Some parts of the waste can be reprocessed to produce secondary raw materials that can be marketed again. Secondary raw materials are the starting materials for new products. For example, new plastic can be obtained from discarded plastic by shredding and melting it. Or new paper can be made from paper waste again. By using less energy to recycle than to produce new raw materials, CO2 emissions can be saved, thus advancing climate protection.

Kildwick & Recycling:

All of our products are recyclable or made from recycled raw materials:

    diverter

    Urine container

    Toilet seats

    DIY toilet Kits

    Packaging

If you return the separation insert to us, this is free of charge and due to its polystyrene material it is fully recyclable. Our urine containers can also be fully recycled in Germany. Our toilet seats are made of bamboo, so just like our plywood kits, they are fully recyclable. Even in shipping, we don't use materials that don't meet our standards. So our boxes, packages and packaging materials are made of paper and cardboard.

Waste separation is very important

There are many treasures in piles of waste - things that can be reused. For example, raw materials (substances found in nature) and recyclable materials (used materials contained in waste that can be reused as raw materials). Recycling creates a cycle of raw and valuable materials. Waste separation is very important in this process. This means the separate collection of different types of waste. For example, in Germany we separate paper waste, glass waste, organic waste, plastics and residual waste. The blue, brown, yellow and black garbage cans make a decisive contribution to recycling. Our pre-sorting makes it much easier to recover the different recyclable materials from that waste. Without recycling, there would be a lot more garbage and that would be horrible for the environment. Waste avoidance, waste separation and waste material recycling, or the recovery of recyclable materials, are the elements that each of us can promote and thus contribute to an effective environmental protection in this area.

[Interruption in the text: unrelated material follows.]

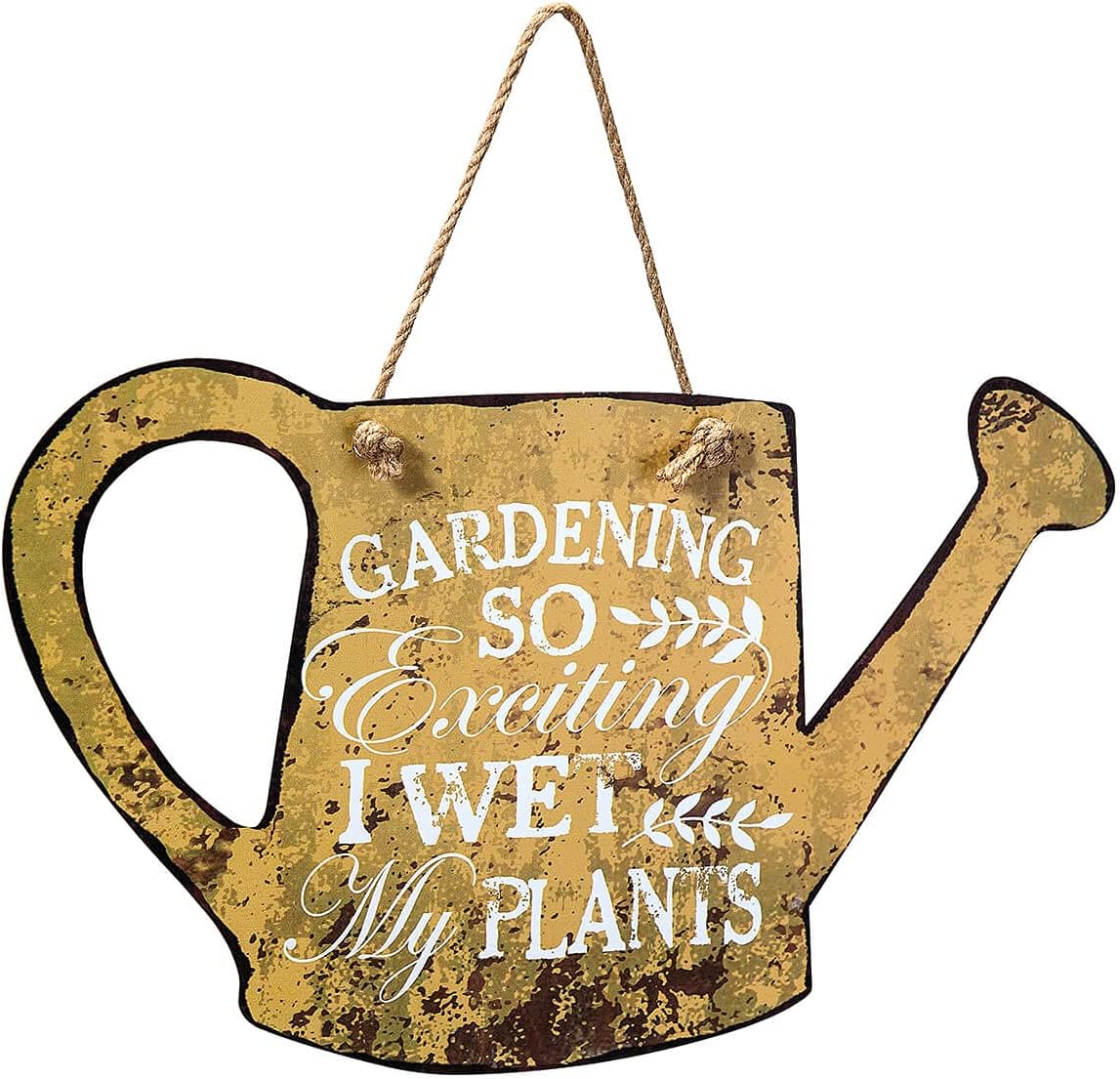 Metal I Wet My Plants Watering Can, Crafted with 100% Decorative Metal, Easy Assembly, Outdoor Décor – Measures 13 Long x 8.5 Wide by Fox RiverTM Creations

Germany is the world's recycling champion, but unfortunately most countries, where all waste ends up in a garbage can, have to do the same. In 1991, Germany invented the Green Dot, the first system that recovers new raw materials from used packaging. German household waste is recycled at a rate of 65 percent. Poor Asian countries in particular, such as Indonesia and the Philippines, hardly recycle any of their waste at all. But rich countries, such as New Zealand, Israel and the USA, also recycle their waste only very rarely or not at all.

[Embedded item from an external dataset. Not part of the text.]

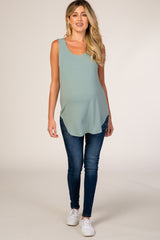 Emerald Green Sleeveless Maternity Top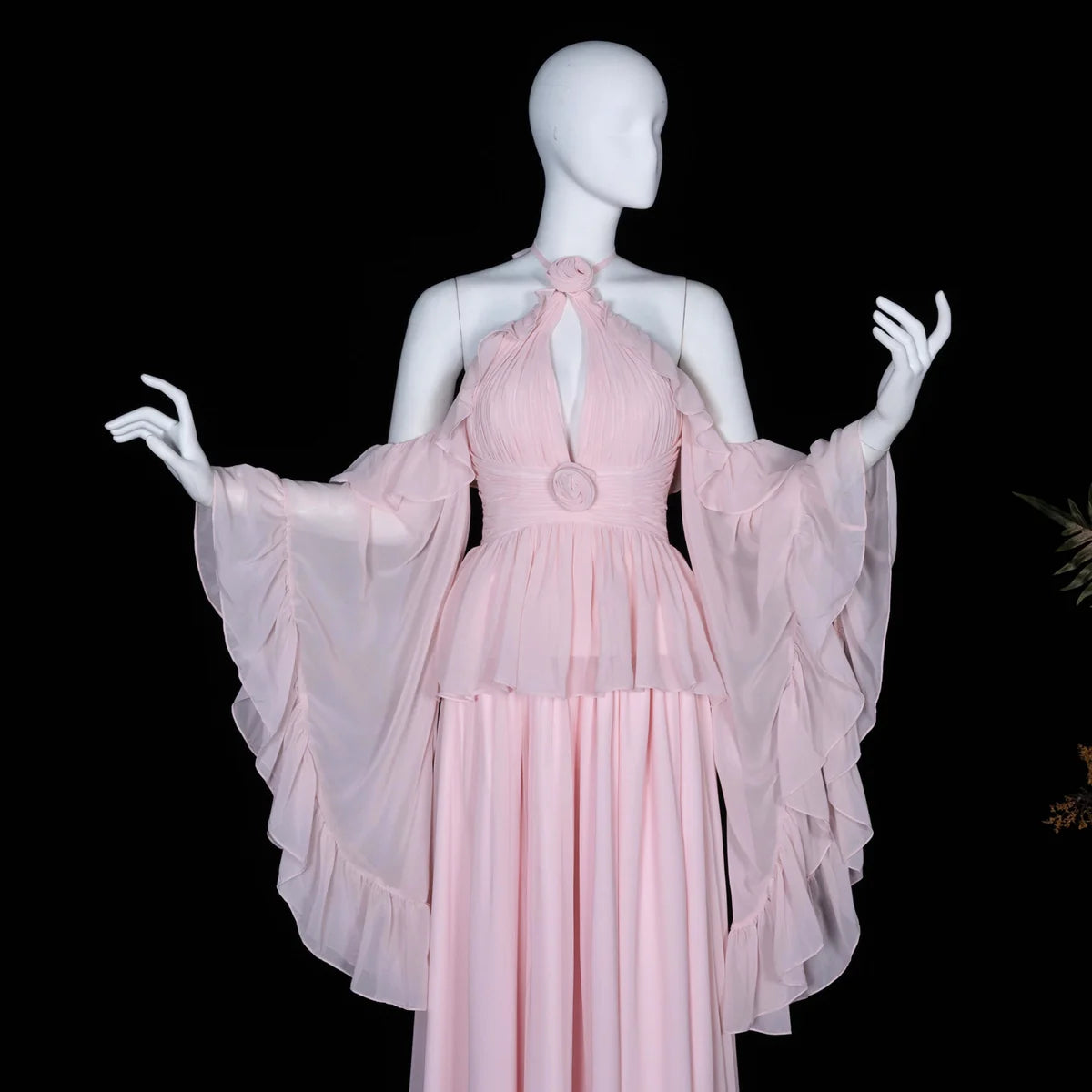 Romantic Pink Chiffon Gown with Rosettes & Angel Sleeves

But you can do something too:

only  throw away clean packaging before putting it in the yellow bag or glass trash. Only clean waste is recycled, the rest is incinerated.

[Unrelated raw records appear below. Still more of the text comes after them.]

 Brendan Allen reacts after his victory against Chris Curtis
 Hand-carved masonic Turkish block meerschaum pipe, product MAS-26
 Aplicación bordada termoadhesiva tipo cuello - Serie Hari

Separate your household waste carefully:

Yellow bag

Do:

    Yogurt cups

    Aluminum lids

    Medication packaging

    Plastic packaging

    Cans

    Tetra-Paks

    Lids of screw-top jars

Don't:

    Ceramics

    CDs

    Disposable razors

    Tableware

    Toys

Organic waste:

Thurs:

    Peels of citrus fruits

    Egg shells

    Potato peels

    Fruit and vegetable peels and scraps

    Tea bags without clips

    Filter bags

    Arbors, flowers, grass & plants

Don'ts:

    Meat, fish

    Cheese

    Eggs

    Animal litter

    Organic garbage bags

    Ash

Paper waste:

Thurs:

    Newspapers

    Magazines

    Envelopes (also with windows)

    Paper bags

    Cardboard boxes

    Books

Don't:

    Tetra Paks

    Wallpaper

    Photos

    dirty paper

Residual waste:

Thurs:

    Sweep

    bones, meat, fish & cheese

    Eggs

    Coated paper

    Toothbrushes

    Diapers

    Ash

    Animal litter

    Vacuum cleaner bags

    Used paper tissues

    Broken glass & ceramics

Don't:

    Hazardous waste

    Bulky waste

    Batteries

    Medication

    Electrical appliances

    Everything that can go in the other garbage cans

According to a study by the Federal Statistical Office, every German citizen produces around 220 kilograms of waste every year. In total, that's over 18.1 million tons of residual waste, bulky waste and paper waste produced in Germany. For a family of 4, that's 880 kilograms of waste annually.